Depuis maintenant un peu plus d’un an, la presse tourangelle se fait l’écho d’accusations d’agressions sexuelles au sein de la Manécanterie des Petits chanteurs de Touraine. L’émotion s’est emparée de l’opinion publique par une médiatisation qui l’a privée du recul nécessaire pour se forger un avis. Malheureusement, des zones d’ombres subsistent dans cette affaire trop rapidement classée qui révèle en définitive un déficit démocratique.
« L’émotion, c’est ce qui suspend immédiatement le raisonnement, précise Jean-François Tétu [1], spécialiste des médias. En cela, l’émotion, parce qu’elle repose sur une perception semble se détourner a priori de la rationalité constitutive de l’espace public comme espace de débat. » Et d’ajouter que depuis Voltaire et le Chevalier de la Barre, ou encore Zola et Dreyfus, l’opinion peut se mobiliser pour des causes rendues visibles par le spectacle de la souffrance.
En Touraine, la « libération » de la voix d’anciens petits chanteurs déclarant avoir été abusés a suscité le scandale et la compassion. Qui ne serait- pas touché par ces déclarations ? Qui ne les prendraient pas au sérieux ? Les médias ont laissé à leurs lecteurs le sentiment du pire face à l’absence de justice ; technique connue pour suspendre le jugement et en rester à l’indignation. D’un même élan, l’Eglise est allée jusqu’à rassembler ses fidèles pour une célébration de repentance considérant, à la suite des journalistes, l’affaire « classée ».
A l’instar du mouvement #MeToo, toute voix discordante discutant le récit « prêt-à-penser » de cette histoire, ou suscitant des remises en causes a été voué à la suspicion. Normal : la parole des « victimes » autodéclarées ne peut être remise en cause. Une critique reviendrait à étouffer à nouveau leur souffrance si longtemps passée sous silence ou ignoré. Inhumain. Alors, l’anathème est jeté sur les divergences d’opinion.

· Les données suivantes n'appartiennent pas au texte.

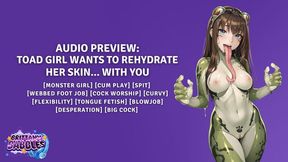 Toad Girl Wants To Rehydrate Her Skin With You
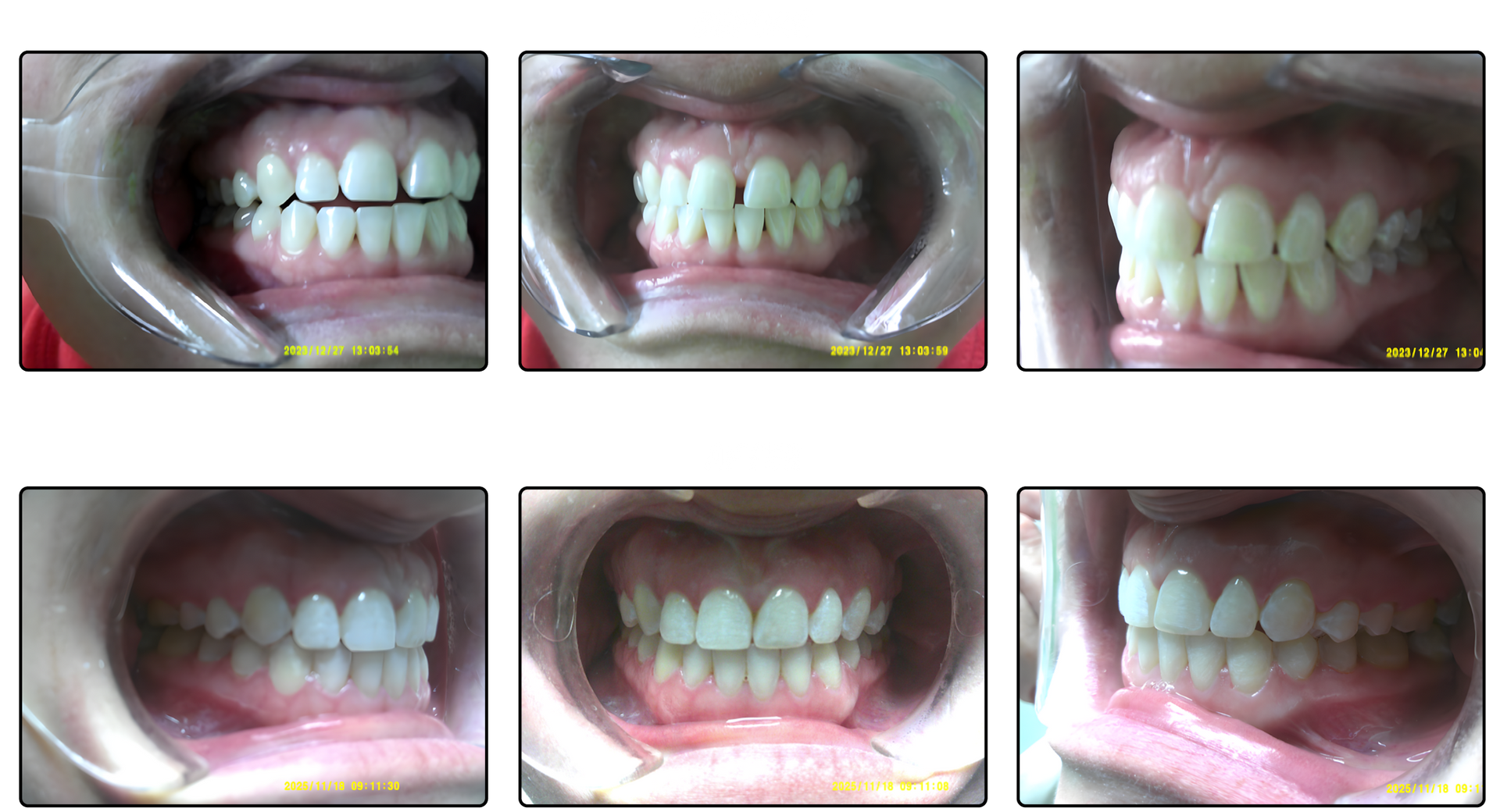 Six close-up views of someone's teeth in a dental exam setting.
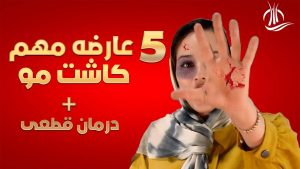 عوارض کاشت مو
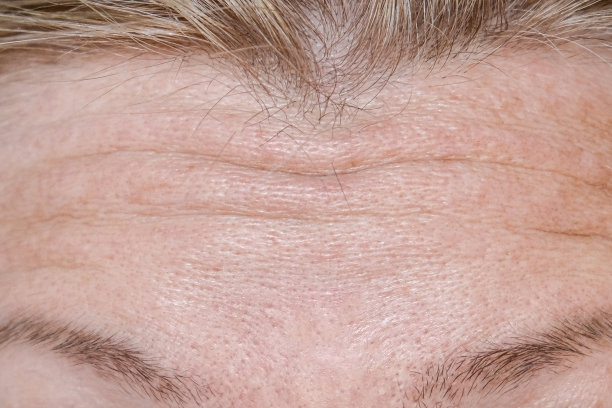 女性在进行返老还嫩手术、注射、治疗、手术前，额头上有皱纹图片下载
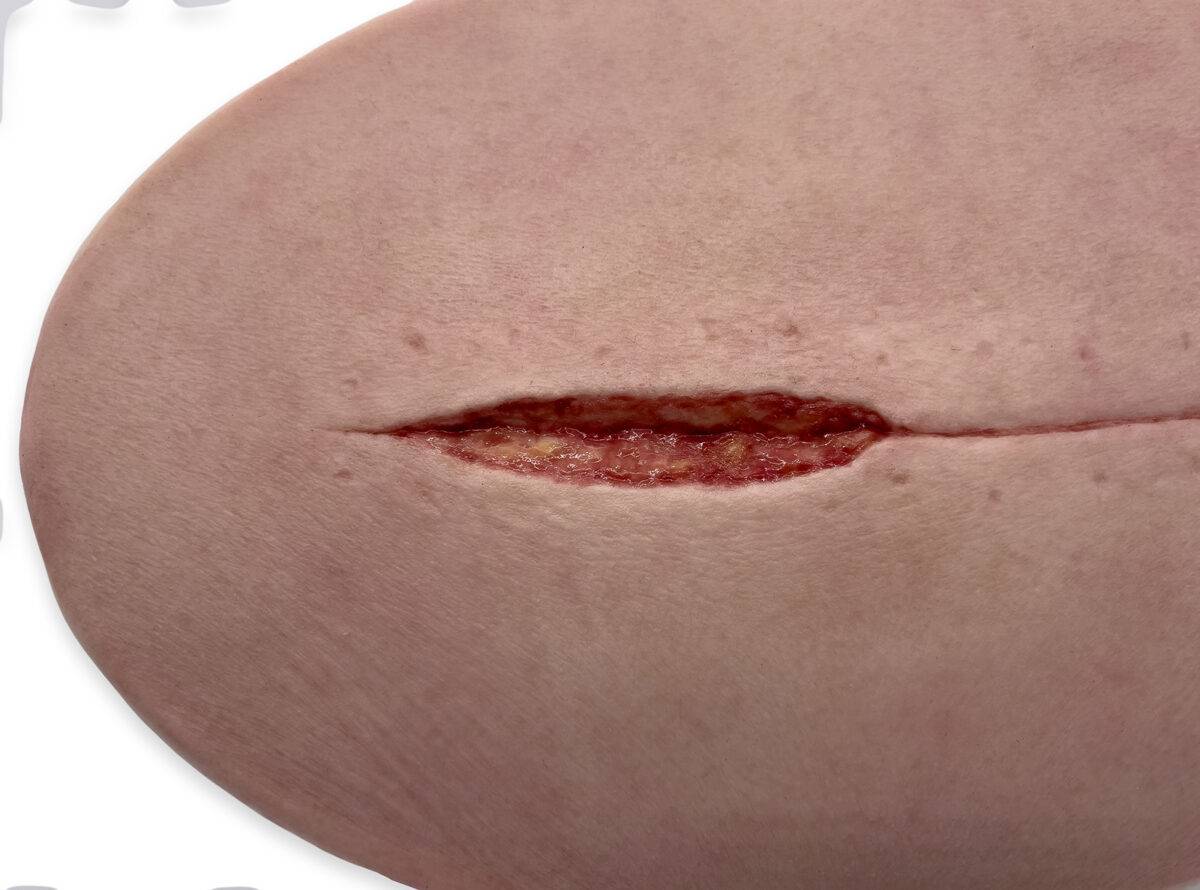 Das „Stick-On Large Kaiserschnitt“-Modell ermöglicht eine realistische Darstellung einer Kaiserschnittnarbe. Aus hochwertigem Silikon gefertigt, bietet es eine lebensechte Textur…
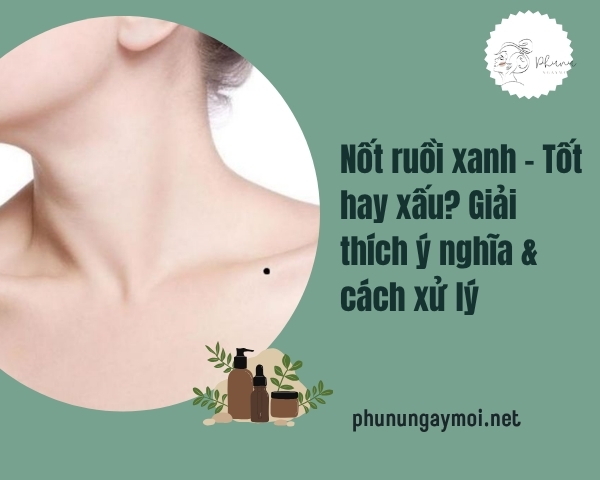 nốt ruồi xanh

Pourtant, à contre-courant des postures convenues, un collectif d’anciens petits chanteurs, - Le collectif du doute - , s’est formé pour faire part, comme son nom l’indique, de ses incertitudes face à des irrégularités, des incohérences par rapport à sa mémoire, et à son histoire. Mais son témoignage est naturellement resté dans l’incompréhension. Encore maintenant, malgré une conférence de presse, un dossier de presse de trente pages, une heure de réponses aux questions, un site internet détaillé… son positionnement reste, pour bien des journalistes, difficile à appréhender (Cf. France Bleu, France 3, La NR, - La Renaissance Lochoise à ce jour n'a rien publié sur le sujet). Aucun article n’ose en rendre compte.
Effaçant ainsi du débat public la controverse, cette forme d’aveuglement partial a tout pour interroger. Au pays de Descartes, est-ce suspect de former un collectif du « doute » ? Au pays des Lumières, est-ce suspect de faire appel à la raison ? Suspect de rappeler les principes constitutionnels violés, de faire valoir le droit dans un Etat de droit. Suspect de s’inscrire dans la ligne d’auteurs ou d’intellectuels reconnus comme Sabine Prokhoris [2], Pascal Bruckner [3], Robert Badinter [4], Marie Dosé [5], Albert Camus… et d’autres cités dans ce blog. Suspect de se soucier autrement de la prise en charge des "victimes". Suspect de prendre du recul, d’alerter l’opinion sur les procédures bafouées, les dérives sociétales qu’elle engendre… Suspect d’alerter sur les impasses désastreuses de cette affaire. Invraisemblable ! Mettre une parole en débat conduit à être exclu du débat. Pourquoi faudrait-il en écarter toute parole clamant sa fidélité à son double héritage : les valeurs de la République et celles acquises dans la chorale de son enfance ? Au nom de quoi ? Quid de la fidélité de nos concitoyens à nos principes démocratiques ? Pourquoi ce silence ? Pourquoi cette atonie républicaine ?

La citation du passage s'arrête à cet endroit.